C++: Split index calculation from BB membership #123

jbj · 2018-08-31T12:08:53Z

This change gave me a great speedup. I'm not totally done testing this, but I'm opening the PR just to mark it as a 1.18 item.

Instead of computing these two things in one predicate, they are computed in separate predicates and then joined. This splits the predicate primitive_basic_block_member, which took 77s before, into predicates that together take 18s on a medium-sized db.

Instead of computing these two things in one predicate, they are computed in separate predicates and then joined. This splits the predicate `primitive_basic_block_member`, which took 77s before, into predicates that together take 18s on a medium-sized db.

This change gave a slight speed-up by eliminating an unnecessary intermediate predicate.

jbj · 2018-09-01T06:07:52Z

I've retargeted this to rc/1.18 and got it ready for merging.

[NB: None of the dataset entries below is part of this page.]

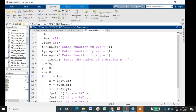We are also taking the number of iterations as input from the user, stored in variable N. The initial values of X, Y, and Z are taken as 0. This is the initialization step.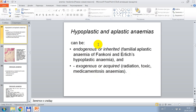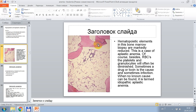Hypoplastic and aplastic anemias can be endogenous or inherited — familial aplastic anemia, often constitutional and early hypoplastic anemia — and exogenous or acquired: radiation, toxic influence, and medicamentous anemia. In this histological picture, hematopoietic elements in the bone marrow biopsy are markedly reduced — the cause of aplastic anemia. Platelets and granulocytes are often diminished. Sometimes a drug or toxic agent is the cause, sometimes infection. When no known cause can be found, it is termed idiopathic aplastic anemia.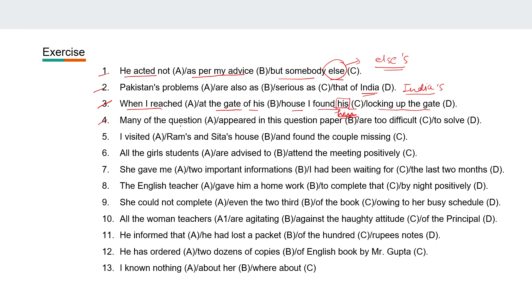Fourth: 'Many of the questions appeared in the question paper are too difficult to solve.' You are saying 'many of the questions' — it will be 'many of the questions appeared in the question paper.'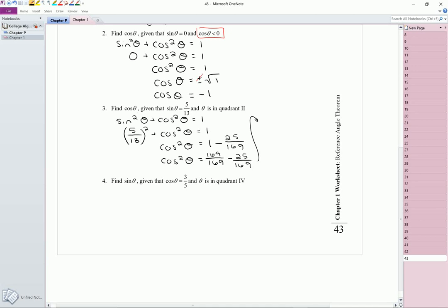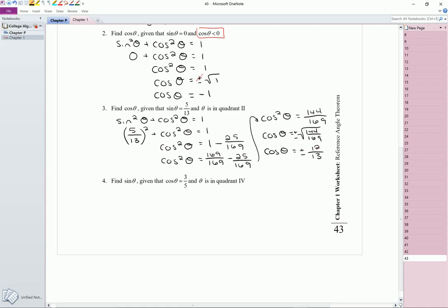I'll finish up over here since I ran out of room. Cosine squared theta is equal to 144 over 169. Now I take the square root of both sides to solve for cosine of theta, giving plus or minus the square root of 144 over 169. The square root of the top is 12 and the square root of the bottom is 13. We need to figure out the sign from the quadrant — this is quadrant 2. In quad 2, cosine is negative, so we're not going to use the positive one. Cosine of theta is equal to negative 12 over 13.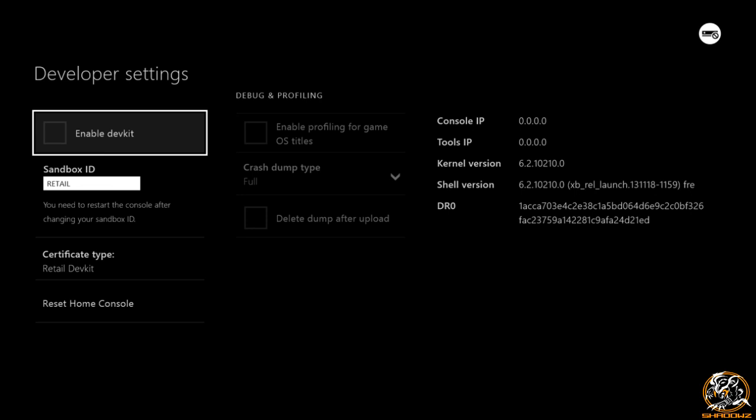So click OK. So as you can see I can't actually enable the dev kit settings, but this is how you actually turn your Xbox One into a dev kit once you're signed up on the program.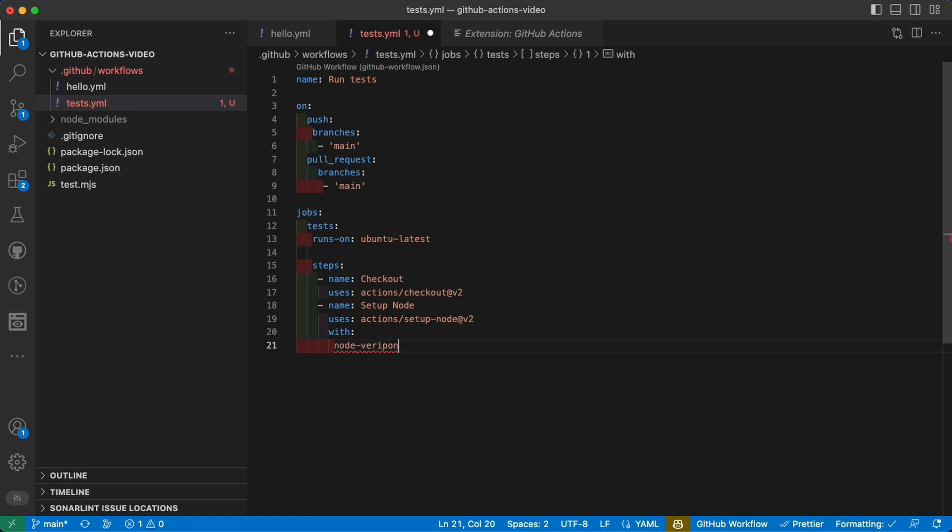...if I can type properly, is 16.18 for example, but you can use whatever version you want because they're usually all supported in the actions over here.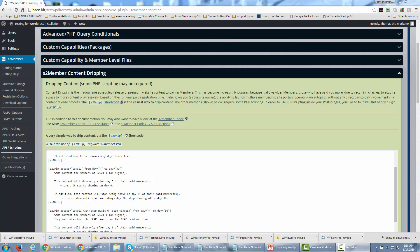Hello and welcome. In this video we're going to be talking about dripping content if you are not going to be upgrading to the S2 Member Pro plugin. S2 Member has a paid version, and that paid version comes with the ability for you to drip or time-release content. That may not be an option you want, so we're going to be talking about a workaround in this video.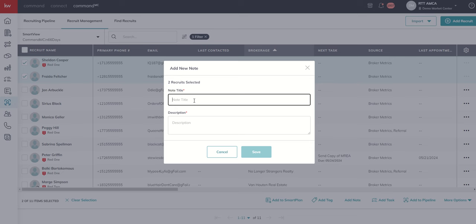maybe you wanted to add a note that they all attended your broker open house, you could do that pretty easily. You could just say this person, this person, this person attended broker open house, 123 Main Street. Maybe put in the description the date, who the agent was that hosted it, anything along those lines.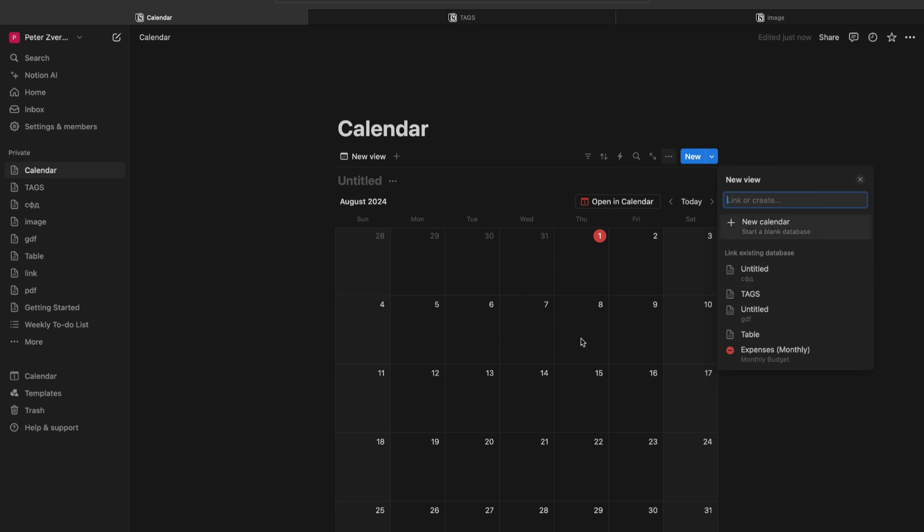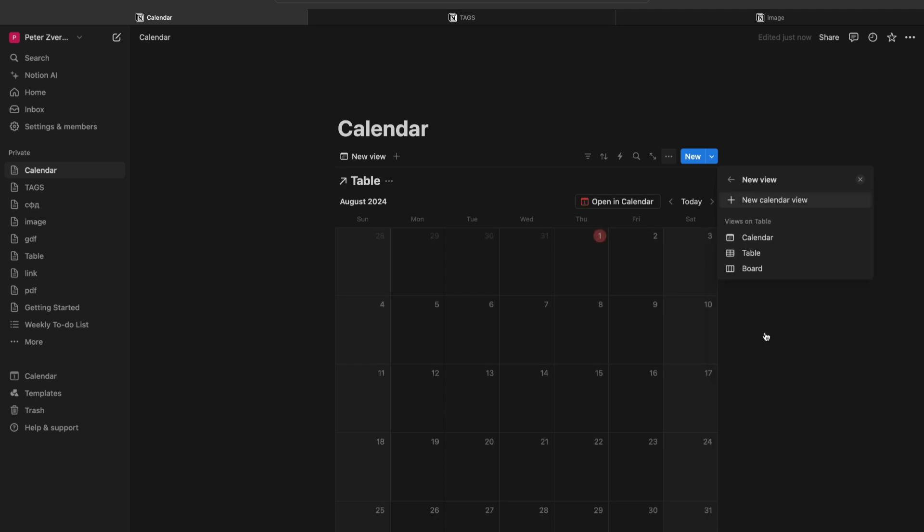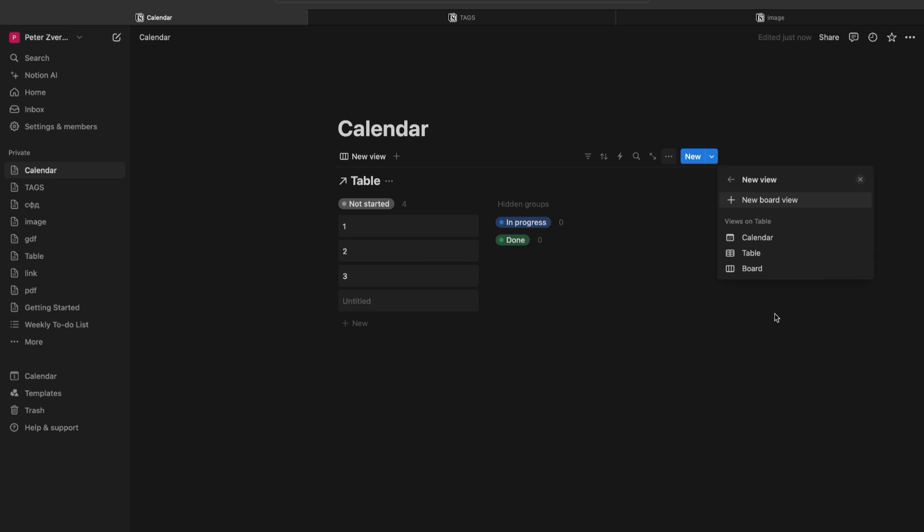They are displayed right here, so basically you need to choose the table from this list, the database. For example, this one. And basically that is it. That is how you can link the table to the calendar.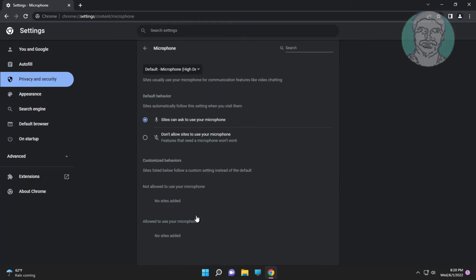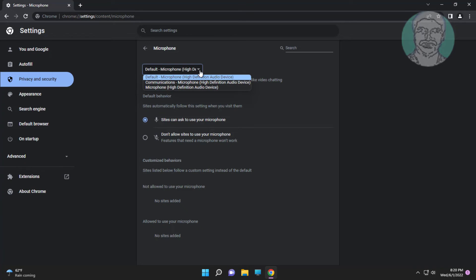Select Microphone, then select 'Sites can ask to use your microphone.' You can also change the default microphone here.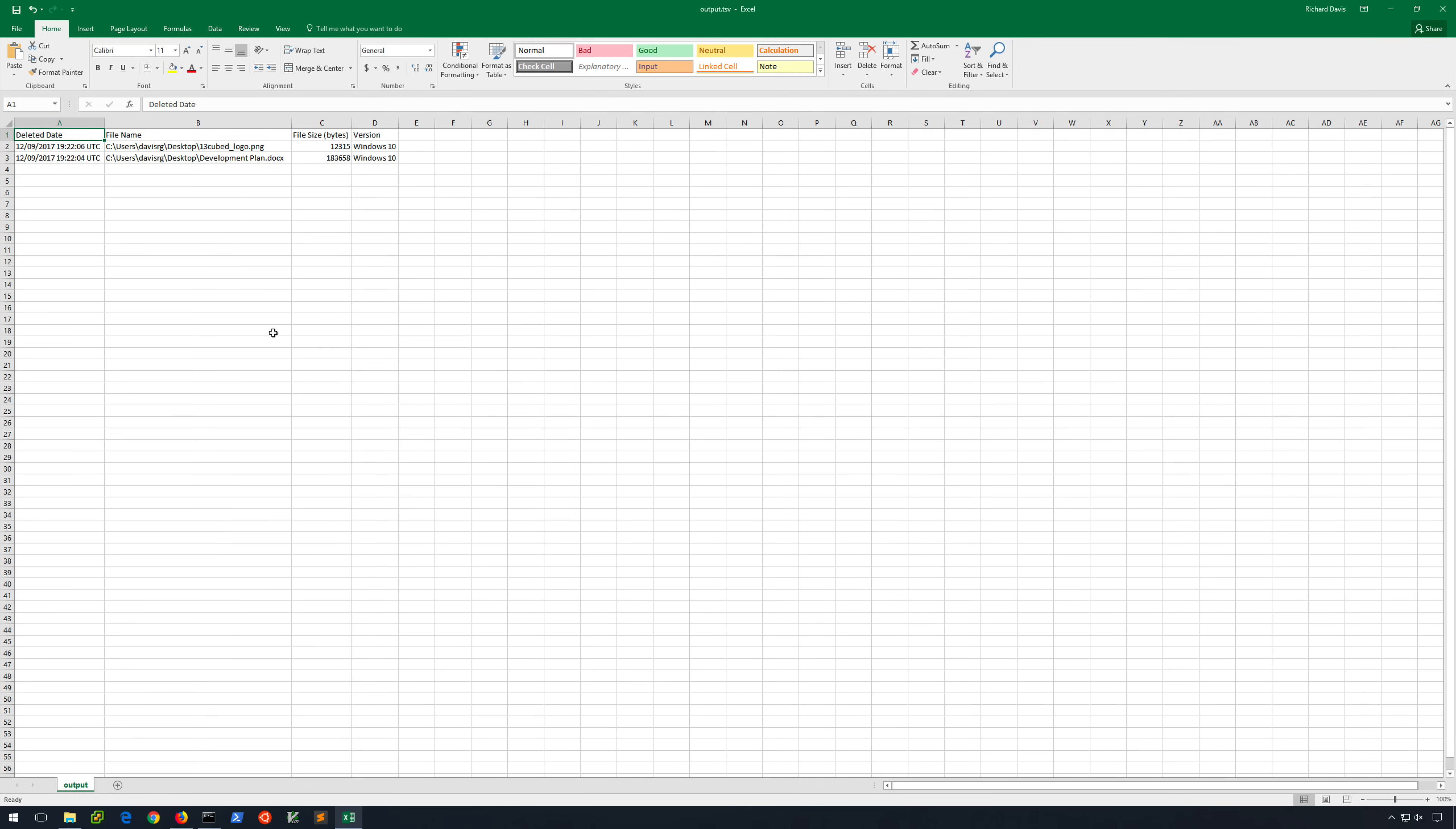And that's pretty much it. I hope this quick look at Recycle Bin Forensics has been useful to you. As always, I would encourage you to like, subscribe, and share. And I will see you in the next video.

If someone wants to test this for performance, be sure not to trust the "Clause timing report" printed at the end of the log in QL4E. I've observed it to underestimate the time spent on recursive predicates by a factor of 10. It's better to search through the whole log and subtract the timestamps between the beginning and end of the evaluation of the predicate(s) of interest.

kevinbackhouse · 2018-09-01T14:48:36Z

The QL is correct. It's surprising that it gives such a big speed up! The recursion in getMemberIndex looks essentially identical to the recursion in the old version of primitive_basic_block_member. Is the evaluator faster on 2-column relations, for some reason?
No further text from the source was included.